# Noisy cricket v2 safety help



## Nightwalker (13/5/17)

I've got dual coils, 0.1 ss316L staggered fused Claptons in my mad dog.
What do I put the cricket into? Parralel or un regulated Series.. or regulated series? Help pls
I don't want to blow up while learning.
Old vapers but always stayed away from this till now.


----------



## Christos (13/5/17)

Nightwalker said:


> I've got dual coils, 0.1 ss316L staggered fused Claptons in my mad dog.
> What do I put the cricket into? Parralel or un regulated Series.. or regulated series? Help pls
> I don't want to blow up while learning.
> Old vapers but always stayed away from this till now.
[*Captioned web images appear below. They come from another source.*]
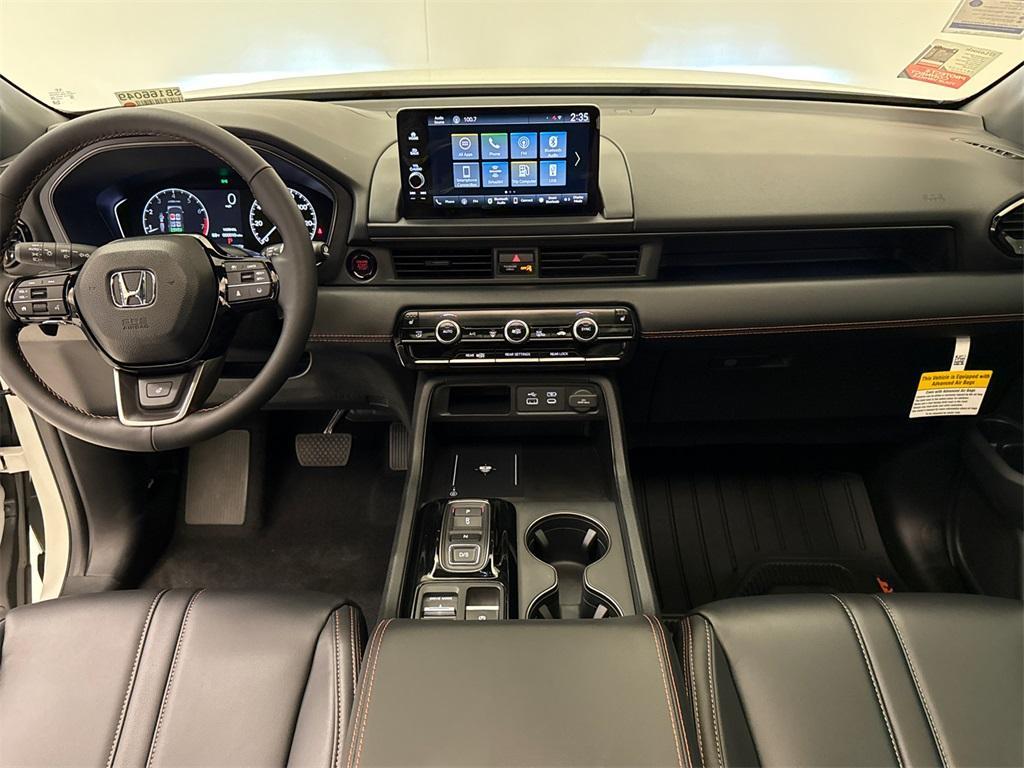 new 2025 Honda Pilot car, priced at $48,659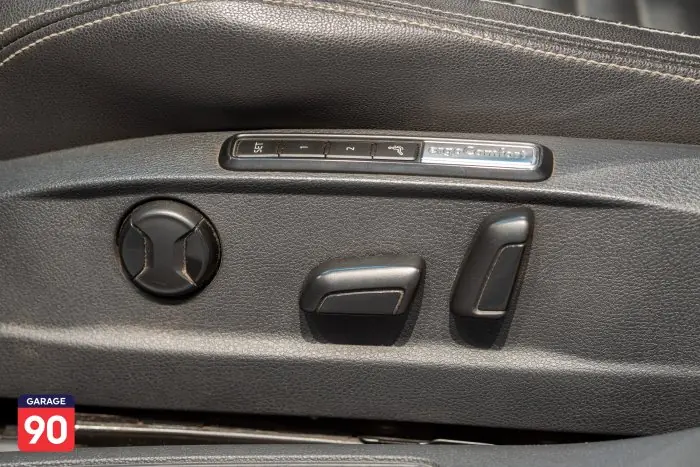 Volkswagen Passat 2020 - صورة 15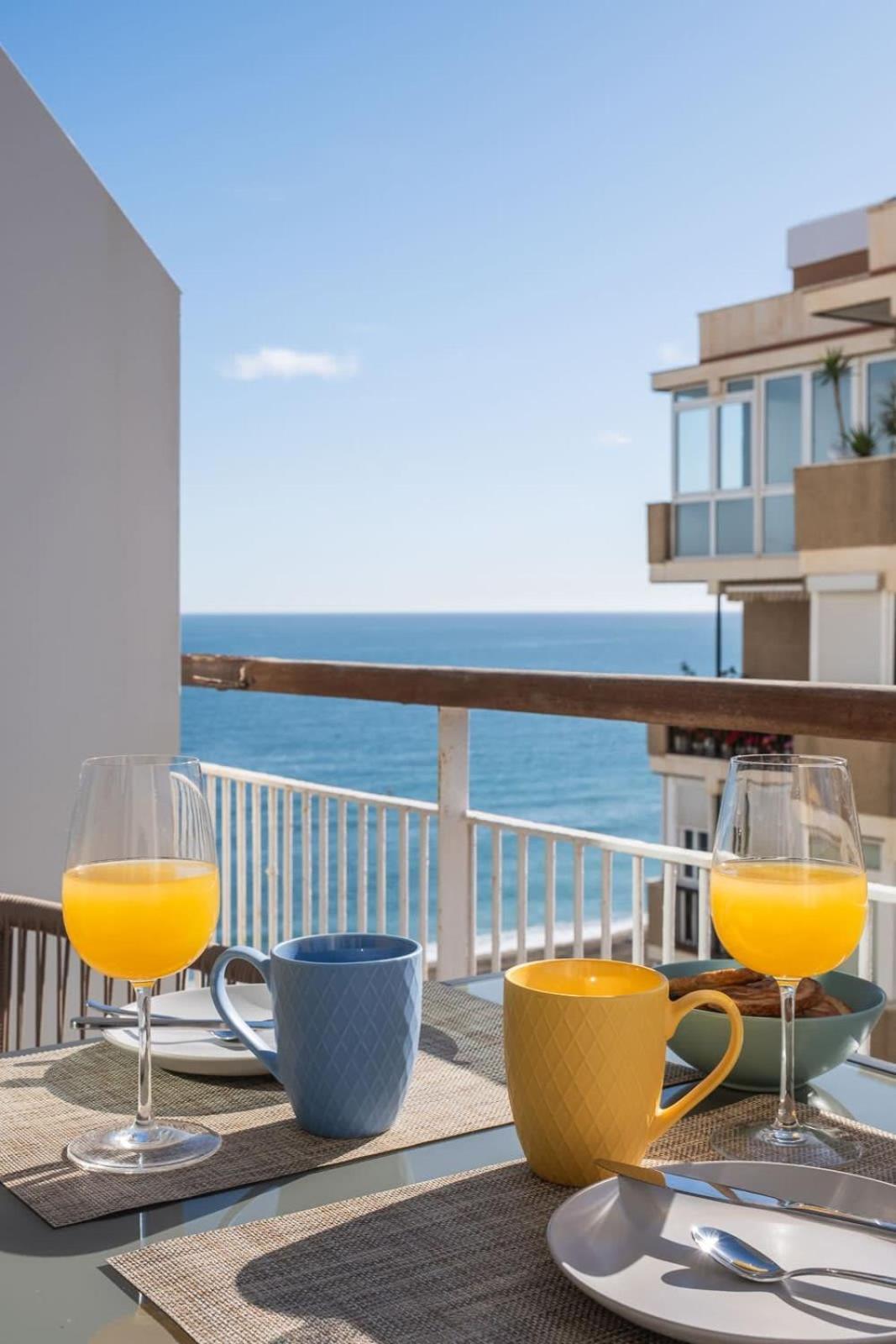 Sea View & Private Terrace In The Heart Of Malaga! Apartamento *
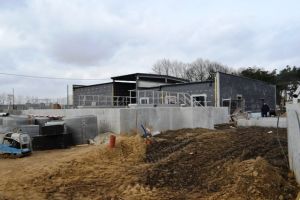 Widok na plac budowy z nowo powstającą infrastrukturą oczyszczalni ścieków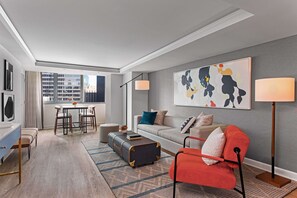 Hypo-allergenic bedding, down comforters, pillowtop beds, in-room safe - The Royal Sonesta Chicago Downtown (Chicago)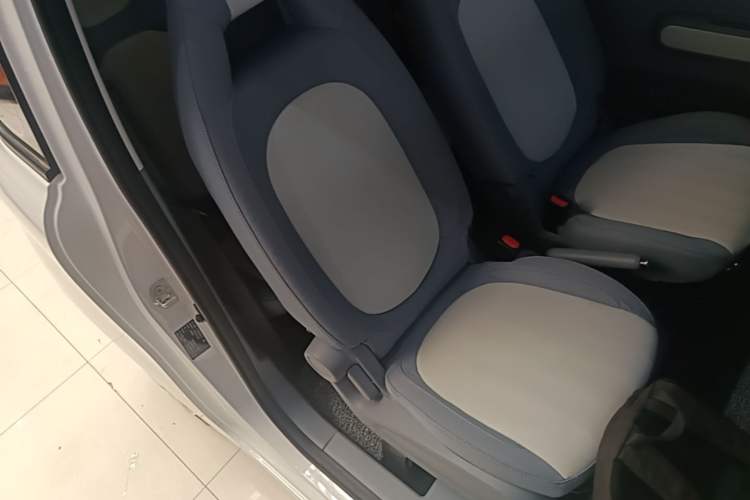 Used Bestune Pony 2025 222km Lightning Horse Right Front Seat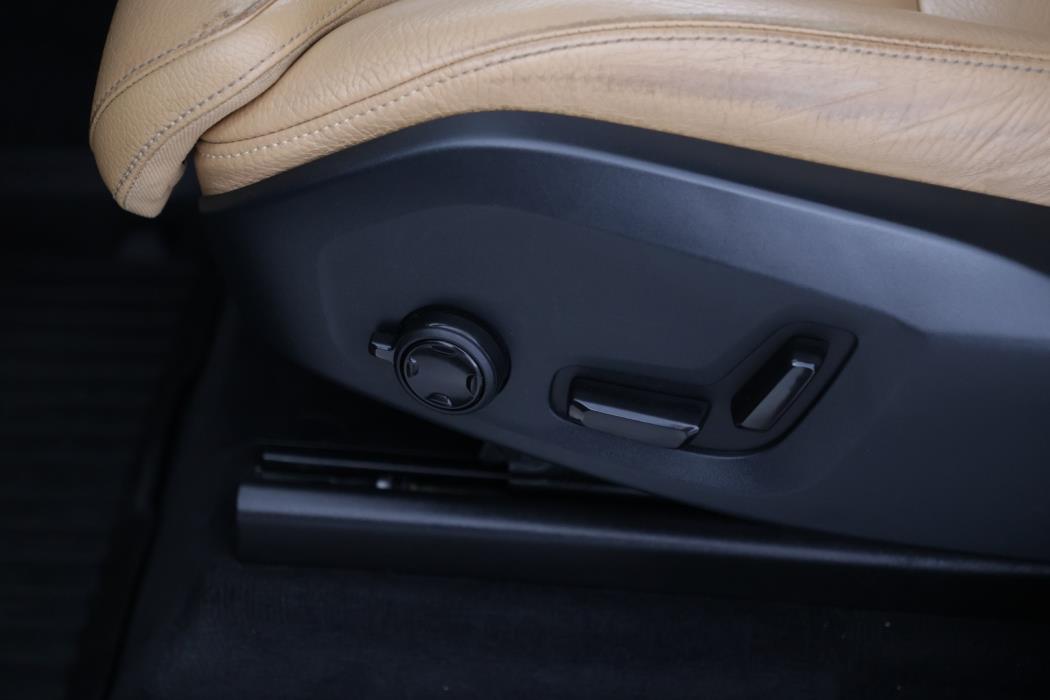 VOLVO XC90 2016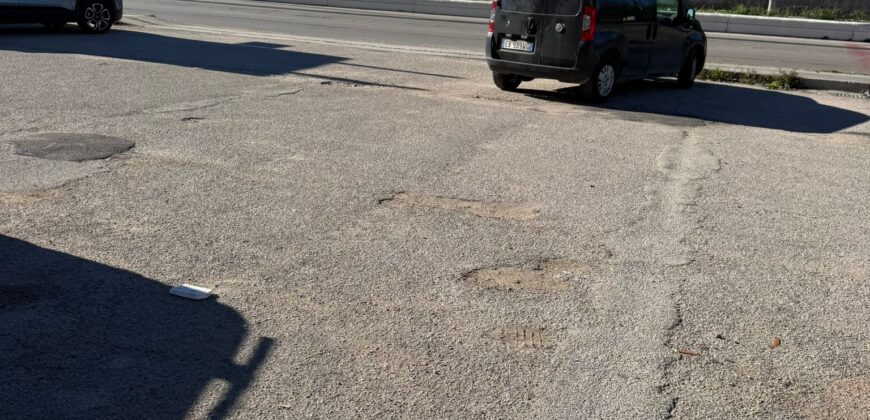 LOCALE COMMERCIALE Castel Volturno-Via Domitiana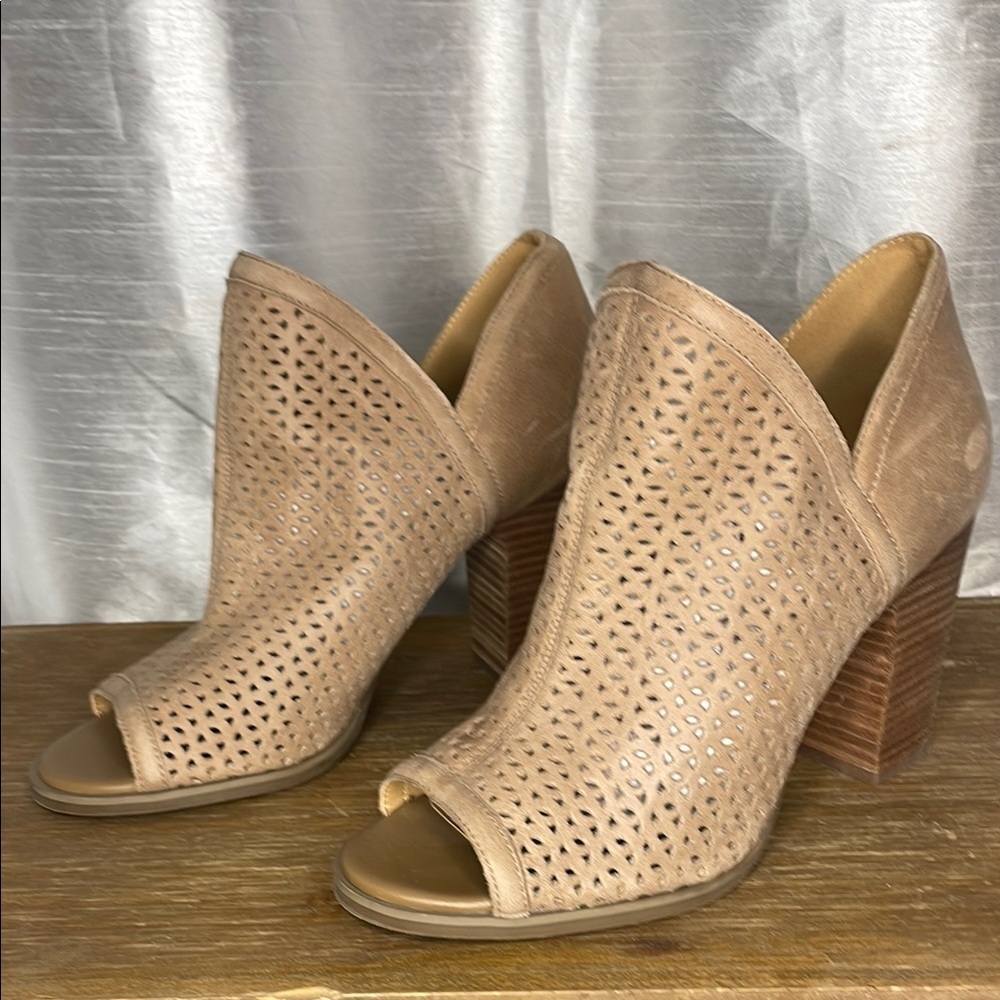 Lucky Brand Livey Women’s 9W Peep Toe Block Heel Tan Ankle Bootie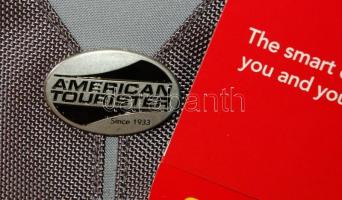 Vadonatúj American Tourister kézben hordható és húzható igényes utazótáska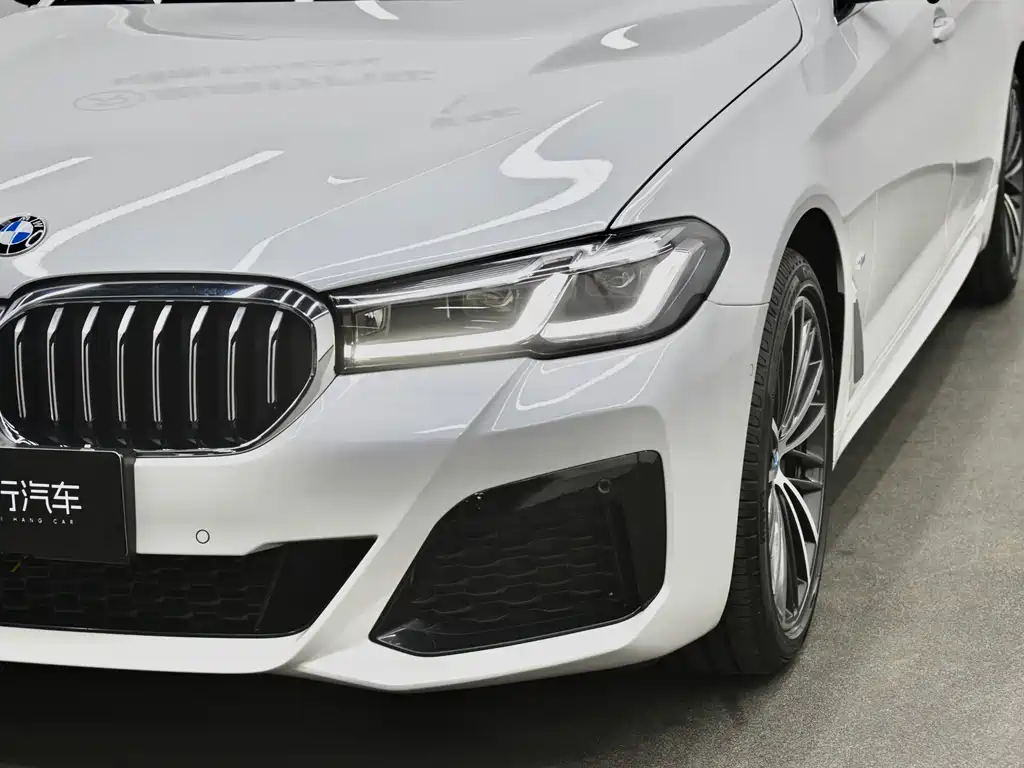 BMW 5 Series — фото 28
Series doubles the voltage and amps are the same.
Parallel is the save voltage but double the amps. 
Go parallel and go with thr red light ie regulated inho.
The regulated or unregulated isn't important but google parallel vs series to get some more info.

Reactions: Like 1


----------



## DougP (13/5/17)

@Christos sorry not to cross swords with you 
Just a correction parallel mode does not have a red light it's white 
Series regulated has red light and unregulated has white light 



Sent from my iPhone using Tapatalk Pro

Reactions: Thanks 1


----------



## DougP (13/5/17)

I would go with series regulated (red light) and with dial turned right down and slowly up it from there 
Remember on this mod 100 on the dial Is actually the lowest Volts setting so turn it to 100 (lowest setting) and then slowly up it from there 

Sent from my iPhone using Tapatalk Pro

Reactions: Winner 1 | Disagree 1


----------



## Christos (13/5/17)

Blends Of Distinction said:


> @Christos sorry not to cross swords with you
> Just a correction parallel mode does not have a red light it's white
> Series regulated has red light and unregulated has white light
> 
> ...


Haven't played in parallel mode yet. Thanks!
Just a thought @Nightwalker 0.1 ohms is going to draw a lot of AMPS I=V/R 
Whay batteries are you using?


----------



## Nightwalker (13/5/17)

Christos said:


> Haven't played in parallel mode yet. Thanks!
> Just a thought @Nightwalker 0.1 ohms is going to draw a lot of AMPS I=V/R
> Whay batteries are you using?


Brownies


----------



## Christos (13/5/17)

Nightwalker said:


> Brownies


Those are 20A.
In series unregulated you will be drawing 82A and parallel unregulated it will be 42A.
Parallel mode will give you 40A.
Series mode 20A with the turds.


----------



## DougP (13/5/17)

Just my two cents worth I find single wire coil builds work better on this mod 
In series regulated mod you can set volts from 2 volts to 6 volts 
From what I have read this mod also only hits at max of 6 volts in series unregulated unlike noisy cricket v1 which was 7.4 volts 


I tend to build for around 0.25 to 0.35 ohms For parallel and for series around 0.5 ohms 

You also cannot adjust volts in parallel mode the dial only works in series regulated mode 

I don't wanna start a debate with the experts but I wouldn't run that current build given the amps draw

Sent from my iPhone using Tapatalk Pro

Reactions: Like 2 | Agree 3


----------



## Christos (13/5/17)

Blends Of Distinction said:


> Just my two cents worth I find single wire coil builds work better on this mod
> In series regulated mod you can set volts from 2 volts to 6 volts
> From what I have read this mod also only hits at max of 6 volts in series unregulated unlike noisy cricket v1 which was 7.4 volts
> 
> ...


I'm no expert either. Only got my NC2 last week so still learning about its features. 
Only found out 2 days ago it can be run in parallel and in series  

I'm basing my calcs on pure unregulated mods etc.

Reactions: Like 1


----------



## Nightwalker (14/5/17)

FFS. I apologize to all and ask a mod to close this thread.
I can't believe I didn't realize a few things. I actually know this. I work with it. I was so paranoid that I didn't think.


----------